The Yahoo Term Extraction service returns tags, which have no meaning. seems to happen with non-english text, as you can see here: http://vorarlblog.at/tagadelic/chunk/5

Has this happened to others/ in other languages?
german words, which I'd like to ban from beeing used as tags: ihr ein wenn als und

If this problem happens to others, it would probably make sense to create a config field, where unwanted terms could be entered as a workaround.

Comments

alex_b’s picture

except helper words like the ones you listed - does yahoo terms extraction service actually return useful keywords for german content?

epe’s picture

The extracted Terms are more or less fine otherwise. Feel free to have a look at it, yourself: http://beta.vorarlblog.at/

alex_b’s picture

Title: Yahoo Terms returns meaningless german words. » Create blacklist for yahoo terms

That's great that the extraction service actually also works in german. I didn't expect it to.
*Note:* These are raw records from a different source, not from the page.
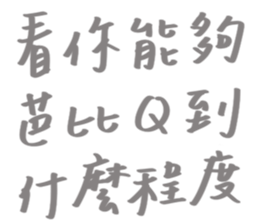 526317545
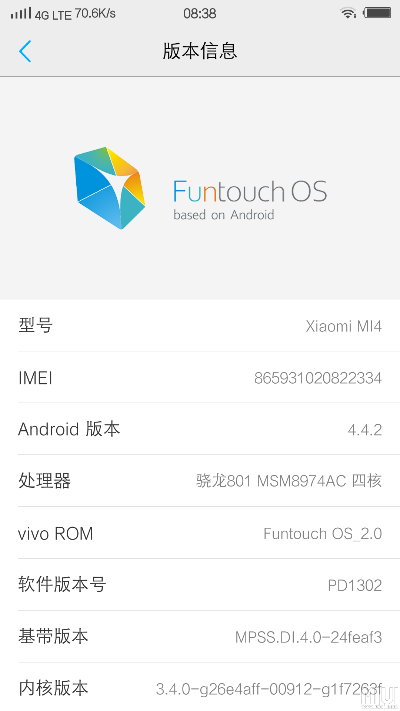 rom小米4 版本,专业评估解析 1440p_v4.879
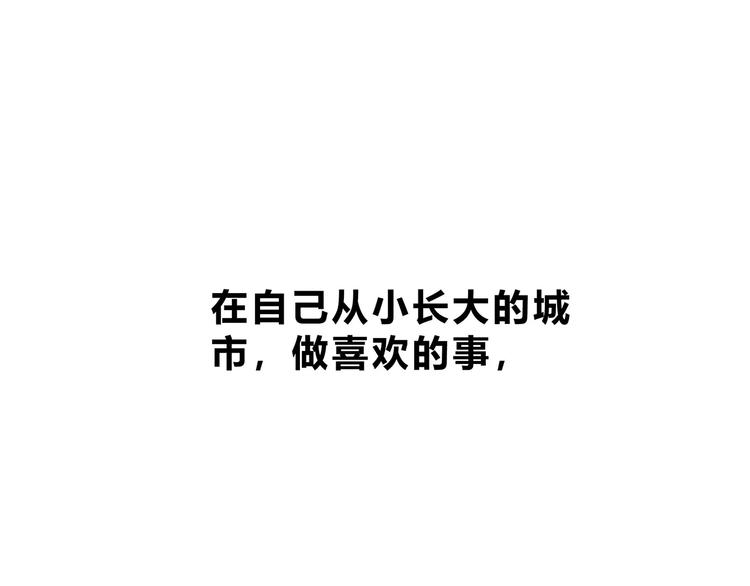 第139话 很适合你34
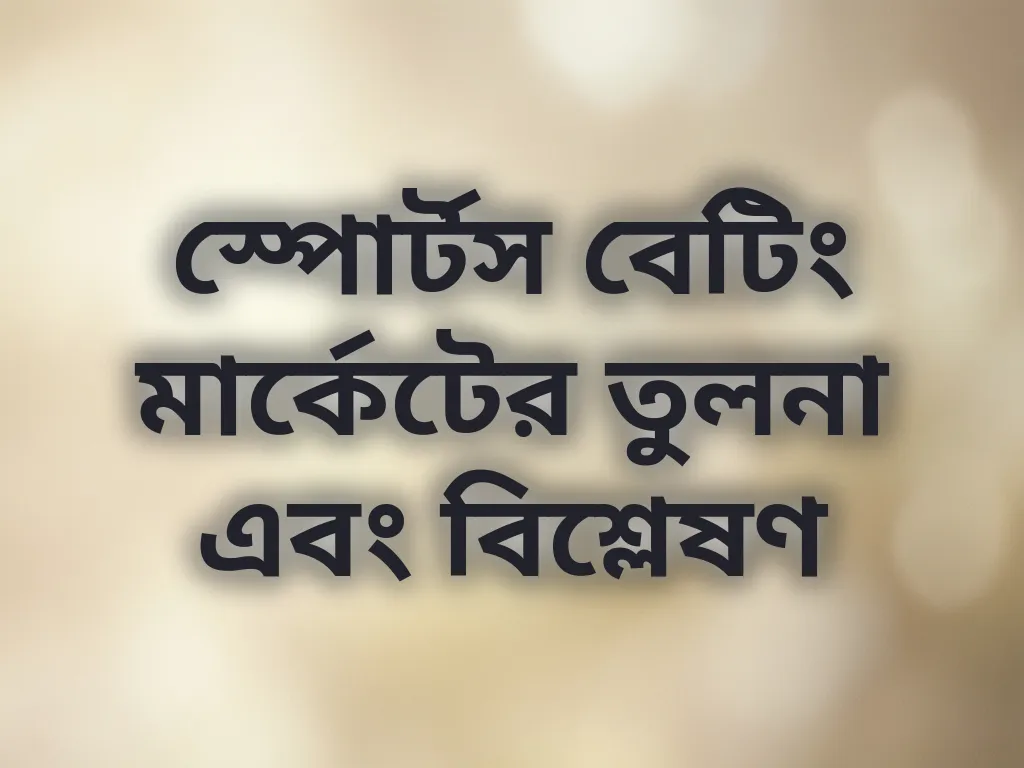 স্পোর্টস বেটিং মার্কেটের তুলনা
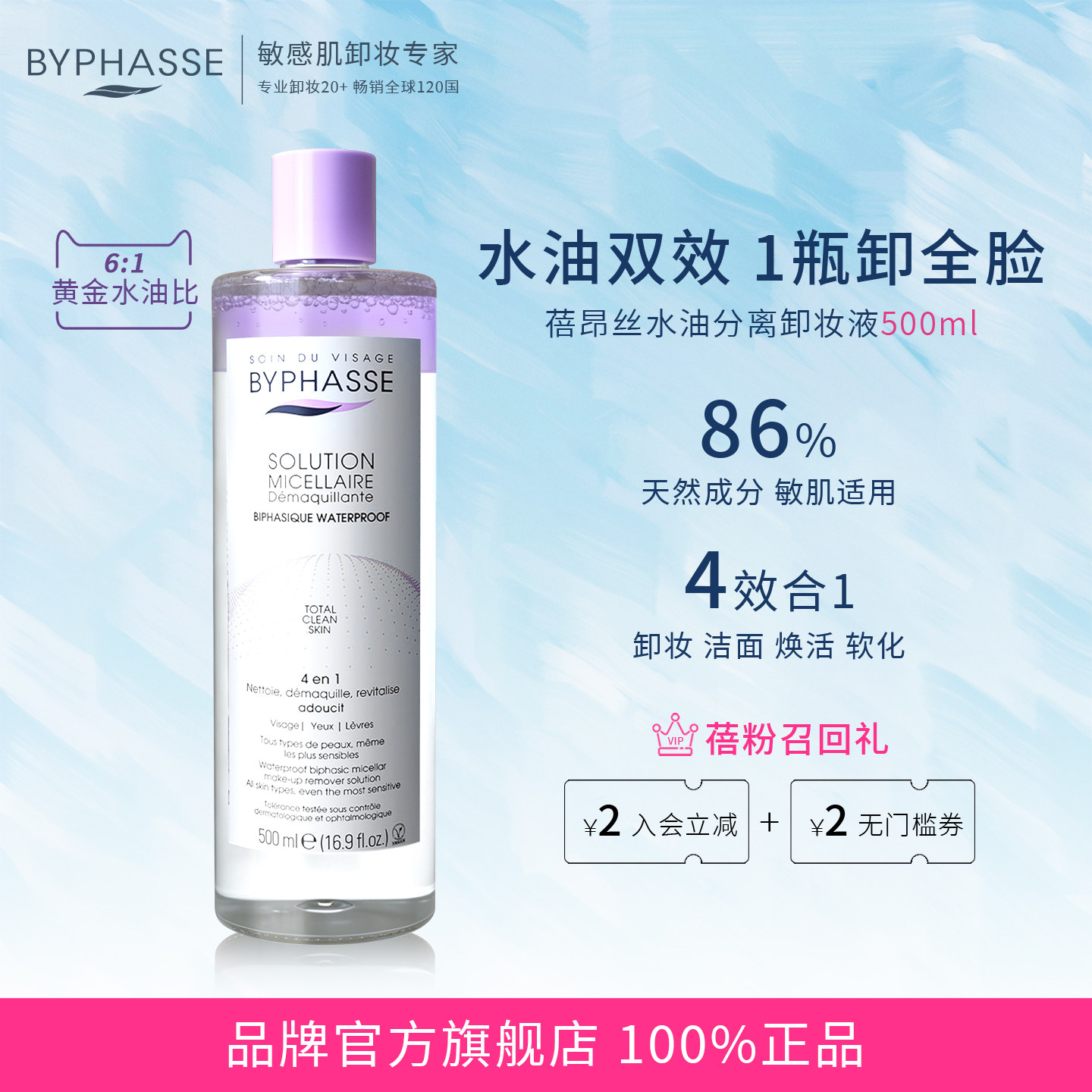 蓓昂斯水油分离卸妆水温和紫水清爽眼唇快速卸妆液敏感肌官方正品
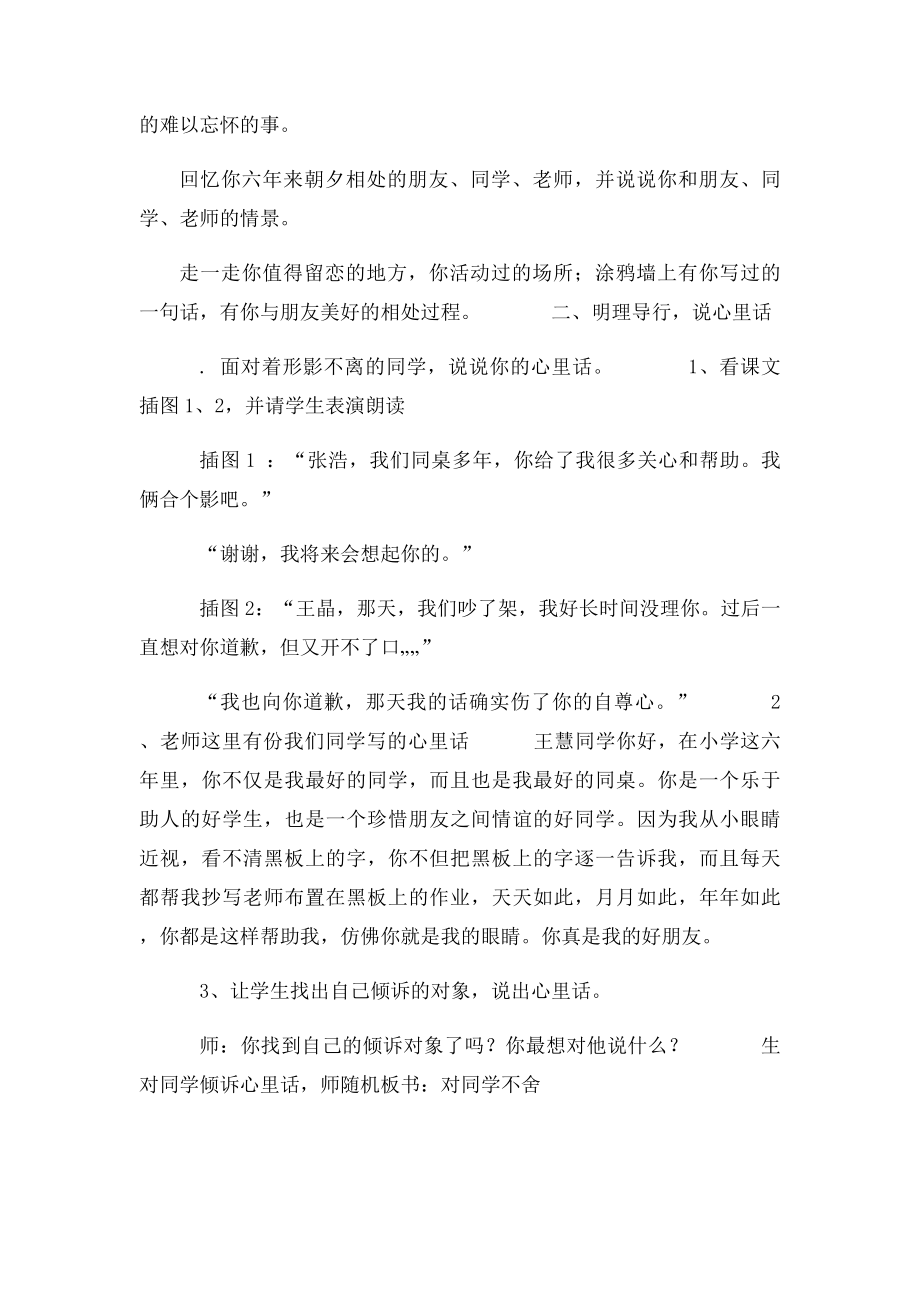 人教新课品德与社会六年级下册《临别感言》教学设计.docx_第2页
However, we don't really have the time to implement this feature - feel free to go ahead though :)

I rename the feature request for the time being - I hope it describes more accurately what you're looking for.

Ian Ward’s picture

Since yahoo terms uses a taxonomy vocab to store its terms, would it be just as good to basically allow blacklists to be kept for any free tagging vocab? I know if you use a static vocab for yahoo terms it will only tag if the term exists in that vocab, but that does not help in your scenario here.

aron novak’s picture

Status: Active » Closed (fixed)

A new separate project was started, the leech_yahoo_terms is separated from leech. It is a standalone module now. Leech can use this module to provide the same functionality.
http://www.drupal.org/project/yahoo_terms
The blacklist logic is implemented in this module, only the UI part is missing. It can be expected to do soon. Patches are welcome, i think it's straightforward to create a form element where the users can specify the blacklisted words.
The relevant ticket is here: http://drupal.org/node/140362